As noted above, the Appellate Division recently underscored the importance of N.J.S.A. 54:51A-1(b) in Dover-Chester Assocs., supra, where the court explained that "[b]ecause the right of appeal in the Tax Court is statutory, the appellant must comply with all applicable statutory requirements for the Tax Court to entertain the appeal." 419 N.J. Super. at 190 (citing General Trading Co. v. Director, Div. of Taxation, 83 N.J. 122, 127 (1980); Royal Bradley Assocs. v. Borough of Bradley Beach, 252 N.J. Super. 401, 403-04 (App. Div. 1991)). A "taxpayer who seeks to appeal from a judgment of the county board of taxation must therefore comply with the tax payment requirement in N.J.S.A. 54:51A-1(b) unless the Tax Court determines to exercise its limited discretion" to relax the statute. Ibid.
N.J.S.A. 54:51A-1(b) was enacted to ensure the uninterrupted flow of revenue to the municipality while a tax appeal is pending. Sun Pipe Line Co. v. Township of West Deptford, 25 N.J. Tax 466, 475 (Tax 2010). "The purpose of the tax payment requirement is to protect the municipality's interest in receiving timely payment of taxes to provide the revenue necessary for governmental operations." Dover-Chester Assocs., supra, 419 N.J. Super. at 201 (citing J.L. Muscarelle, Inc. v. Township of Saddle Brook, 14 N.J. Tax 453, 457 (Tax 1995)). "When the flow of revenue is interrupted, the burden of an appealing taxpayer's unpaid taxes is shifted to the other taxpayers in the district and reflected in the reserve for uncollected taxes." Ibid.
Relaxation of the tax payment requirement is "granted sparingly, and in limited circumstances." Wellington Belleville, LLC v. Township of Belleville, 20 N.J. Tax 331, 336 (Tax 2002)(footnote omitted). The "'court must weigh all evidence relating to the totality of the circumstances resulting in non-payment of taxes, and make a fact sensitive determination on a case-by-case basis, as to whether the statutory tax payment should be relieved in the interests of justice.'" Dover-Chester Assocs., supra, 419 N.J. Super. 202 (quoting Huwang v. Township of Hillside, 21 N.J. Tax 496, 505 (Tax 2004)). In Wellington Bellville, supra, Judge Bianco established a three-part test to guide the court in determining whether relaxation of the tax payment requirement is justified:
At a minimum, it would seem that such circumstances must be (1) beyond the control of the property owner, not self-imposed, (2) unattributed to poor judgment, a bad investment or a failed business venture, and (3) reasonably unforeseeable.
[20 N.J. Tax at 336.]
The record contains little probative evidence with respect to the cause of plaintiff's failure to pay the 2009 taxes for the subject property prior to the filing of the Complaint. Although plaintiff argues that relaxation of the tax payment obligation is justified by what plaintiff contends is an unforeseen obstacle to its intended development of the property, the evidence in support of this argument is sparse. In opposition to defendant's motion, plaintiff submitted an August 19, 2009 letter from a consulting company that states that 3.4 acres of the 7.72-acre site "is undevelopable due to NJDEP wetlands regulations and stream buffer regulations." The letter is not accompanied by a certification attesting to its authenticity, explaining how the letter came into being, detailing the qualification of the person who signed the letter, or providing any evidence that the letter's contents are accurate.

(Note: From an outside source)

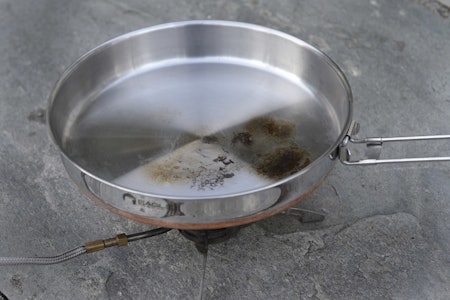 TESTET: Eagle Products sin stekepanne i rustfritt stål. Foto: Egill Danielsen Test av Eagle Products stekepanne i stål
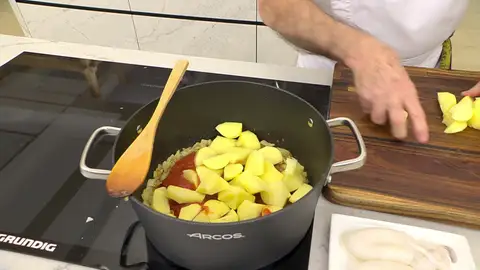 Pela las patatas, trocéalas (cascándolas) e incorpóralas Pela las patatas, trocéalas (cascándolas) e incorpóralas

A second August 19, 2009 letter to plaintiff from a partner at a New Jersey law firm states that remediation of environmental damage at the property was not completed at that time. An undated, unsigned letter on New Jersey Department of Environmental Protection letterhead is attached to the attorney's letter. Neither letter is accompanied by a certification attesting to its authenticity, explaining how the letter came into being, detailing the qualification of the person who signed the letter, or providing any evidence that the letter's contents are accurate. Simply put, the record contains no competent evidence with respect to environmental restrictions on the potential development of the subject property or how those restrictions resulted in plaintiff's failure to pay the 2009 taxes due to Lakewood Township.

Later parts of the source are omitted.